Sadly, none of the posers raised was considered. Later, prospective investors were also advised through various publications to conduct proper audit of available infrastructures before venturing into Nigeria’s electricity business. All issues raised in the said memo were rejected, while senior workers were referred to saboteurs. The opinion of the electricity workers then was for those issues to be resolved before privatisation, as it will make the business atmosphere conducive to effective service delivery. Instead of taking time to study the workings, its statement of account then was so attractive to those in power, who were willing to venture into the power business to make big money, save for the union’s warning that those issues be addressed to avoid post privatisation crises. The problems are what are confronting us now without solution.

Another factor is fact that investors are political and high networth individuals who can get away with their excesses. They are aware of some of these problems, but as a decoy, they hired expatriates to hit the ground running and perform the magic of making 24-hour electricity available for consumers, even when it was obvious that it was not visible. Power grids are collapsing frequently, and this trend may not stop, because there is no clear sign of ensuring a functional power system.
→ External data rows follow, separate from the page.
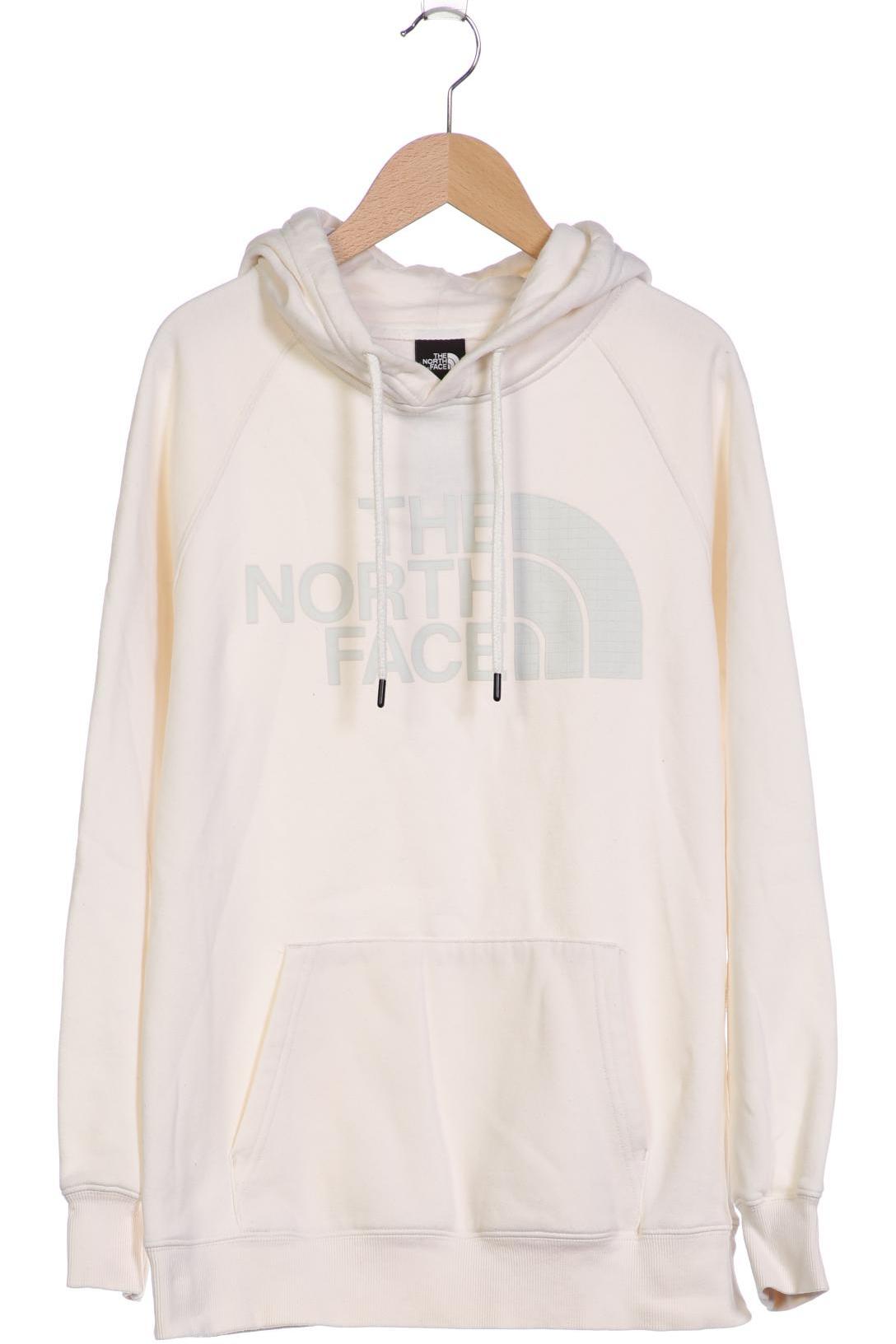 

The North Face Damen Kapuzenpullover, cremeweiß, Gr. 38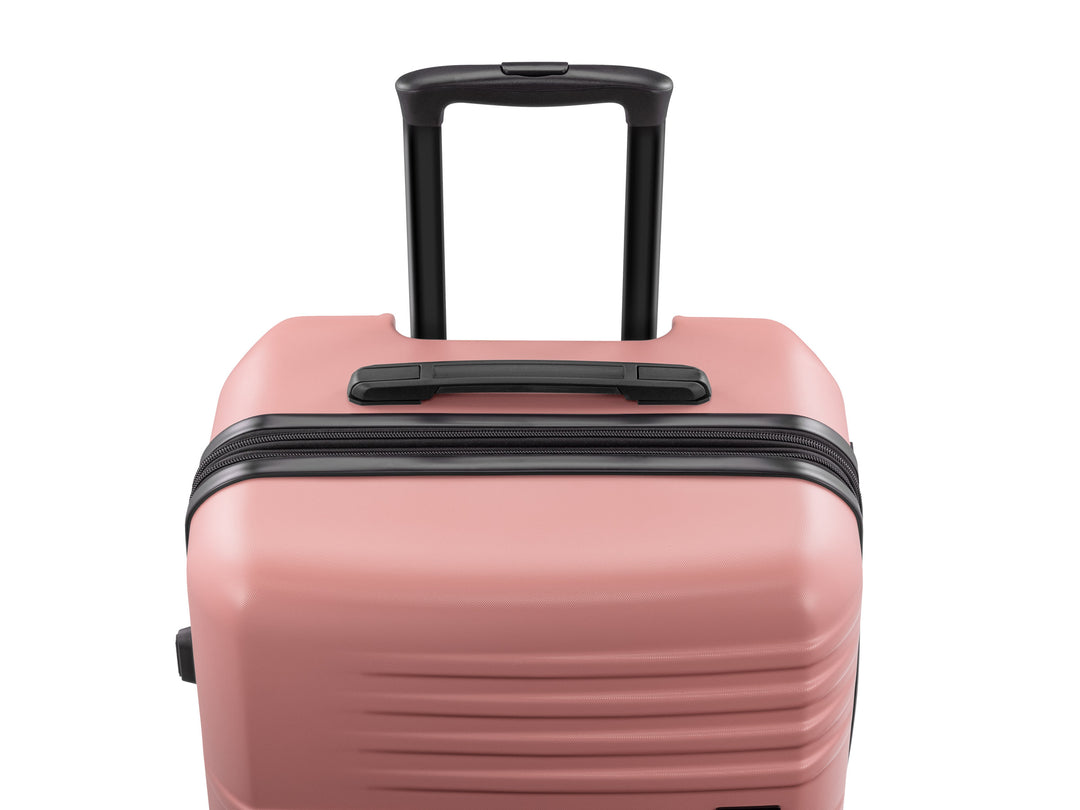 Mena Trolley M (pink)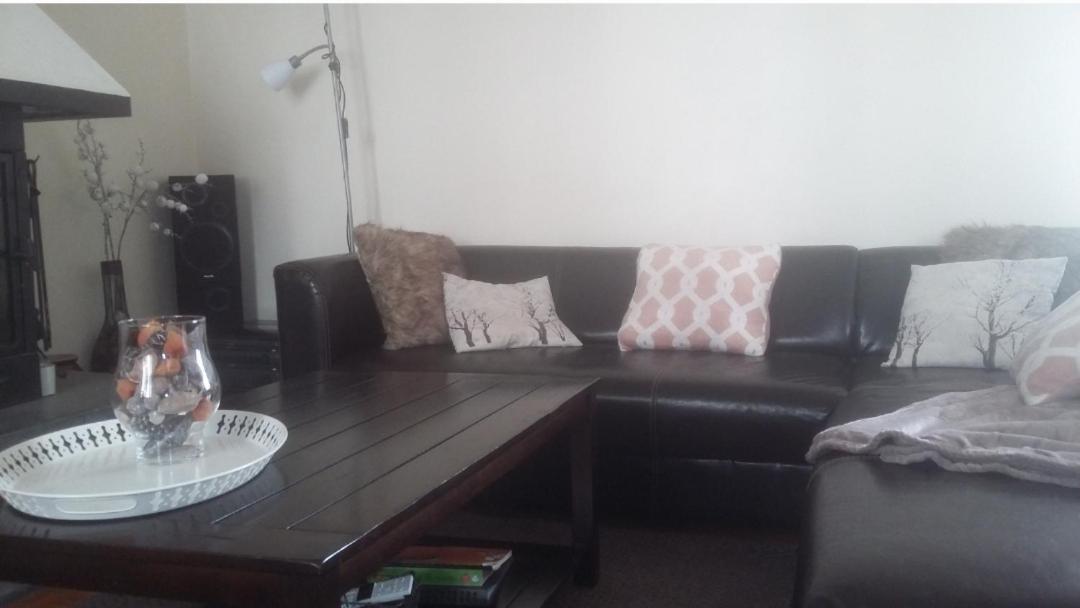 Appartement Fario 옥스레테르메스 외부 사진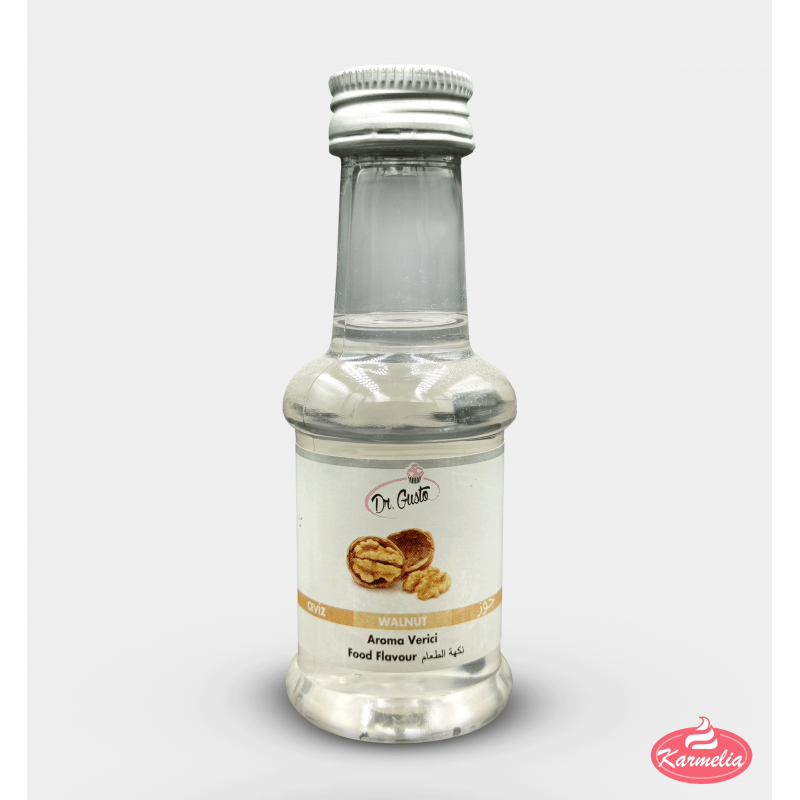 Dr. Gusto Aroma 40ml - Orah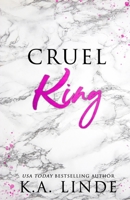 Cruel King 1948427834 Book Cover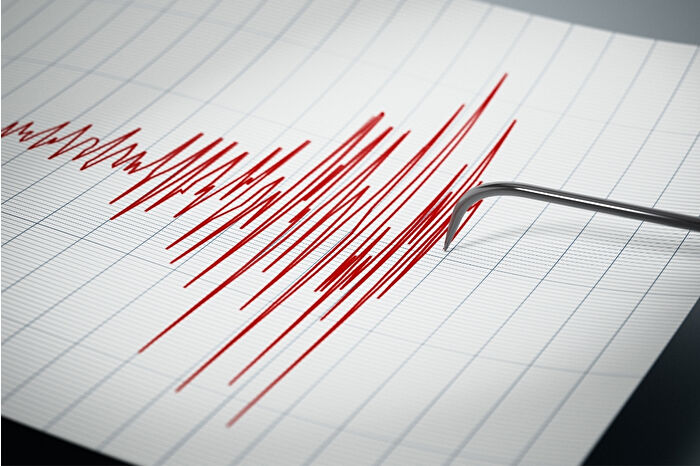 Hatay’ın Antakya ilçesinde 4,2 büyüklüğünde deprem meydana geldi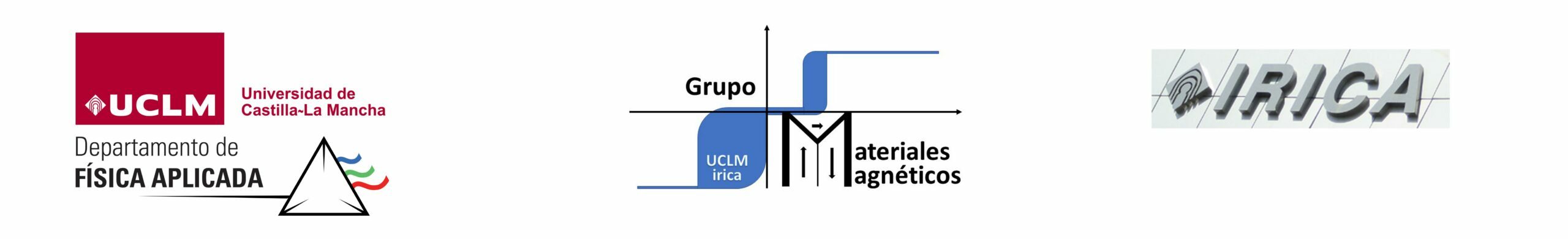 Grupo de Materiales Magnéticos – GMM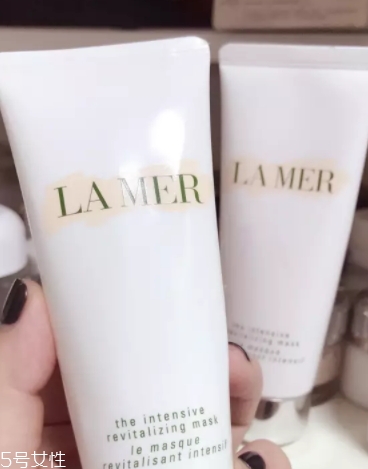 lamer海藍(lán)之謎面膜有幾種？哪款好？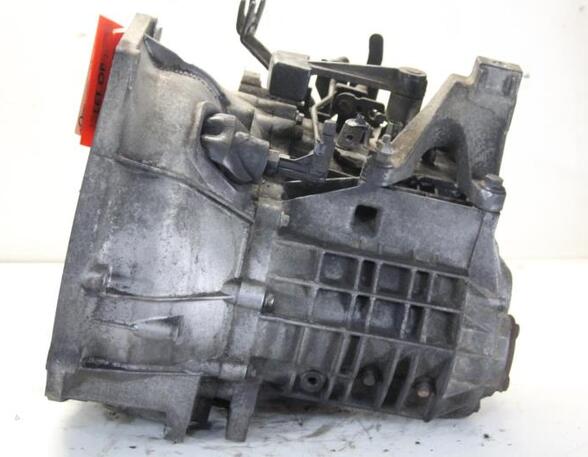 Schaltgetriebe Volvo V50 545 3M5R7F096YF P11565575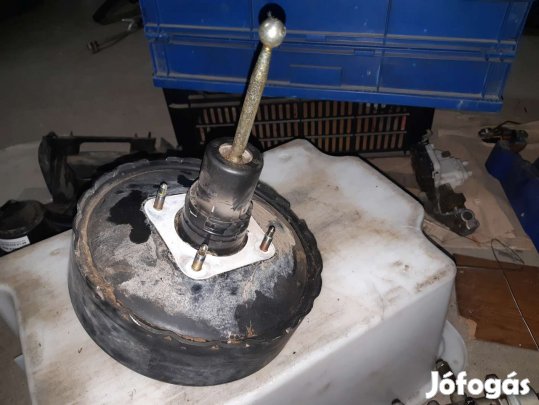 Skoda Fabia Devander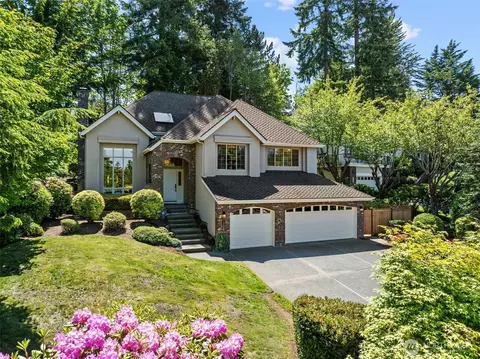 5628 168th Ave SE, Bellevue, WA 98006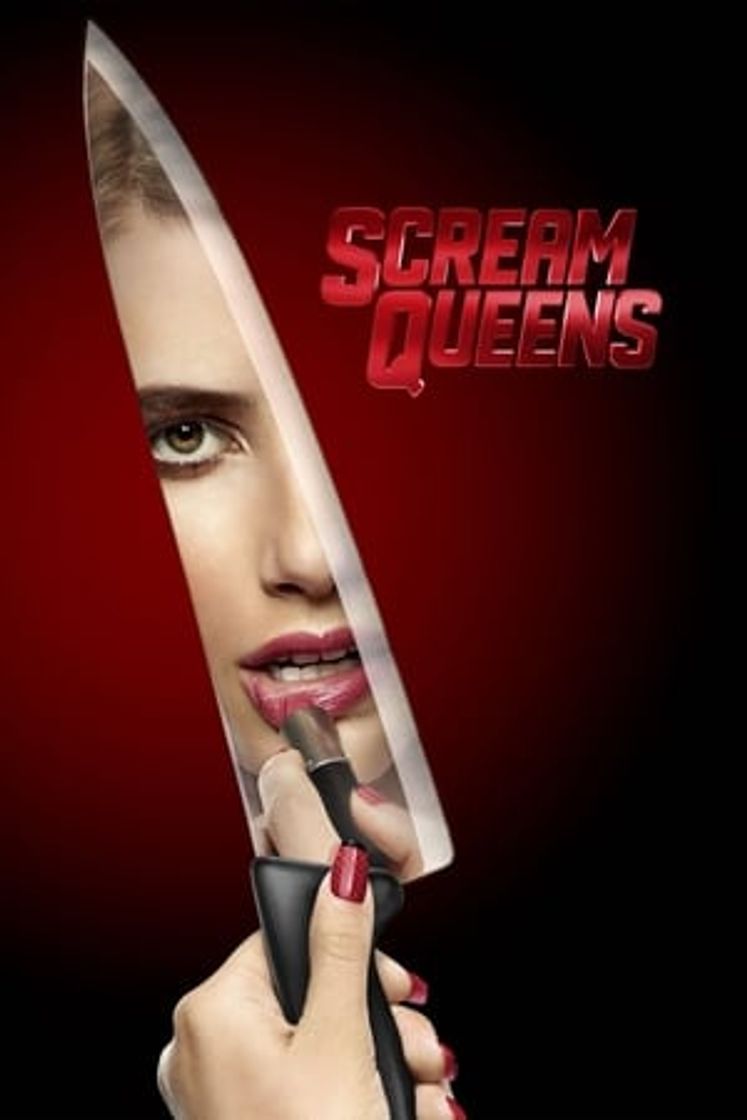 Serie Scream Queens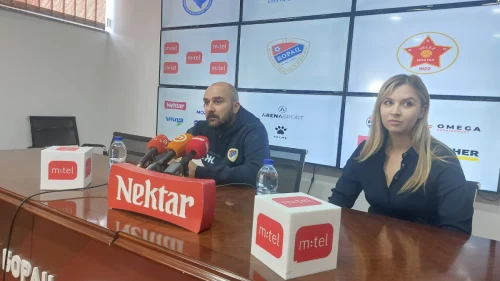 Hendikepirani na Velež, Premijer liga BiH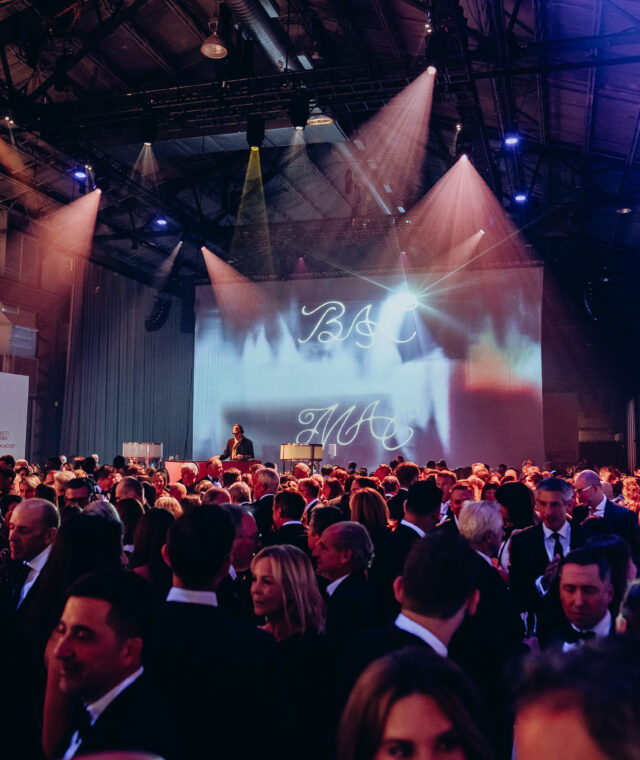 THE 2026 BAL DU MAC SPARKS THE COLLECTION: OVER $1.4 MILLION RAISED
Overloading, short circuit, poor distribution system as well as damage in the transmission lines will continue to make stable electricity and unfeasible venture. Power will continue to fail until serious investment is given to infrastructures.  Electricity distribution companies will keep incurring debts and attract sanctions from regulatory agencies for violation of rules and regulations guiding the industry. Despite complaints from consumers, Nigerians are made to pay through their nose for unsteady electricity.

Let us go back to the basics and address foundational issues. Something serious should be done to restrain saboteurs within the system. Hiring consultants and professionals with millions as monthly take home will not solve infrastructure problem. Government should stop giving free money to Discos without anything to show for it. It is high time the government retraced its step and addressed the basics to prevent total and avoidable collapse of the sector.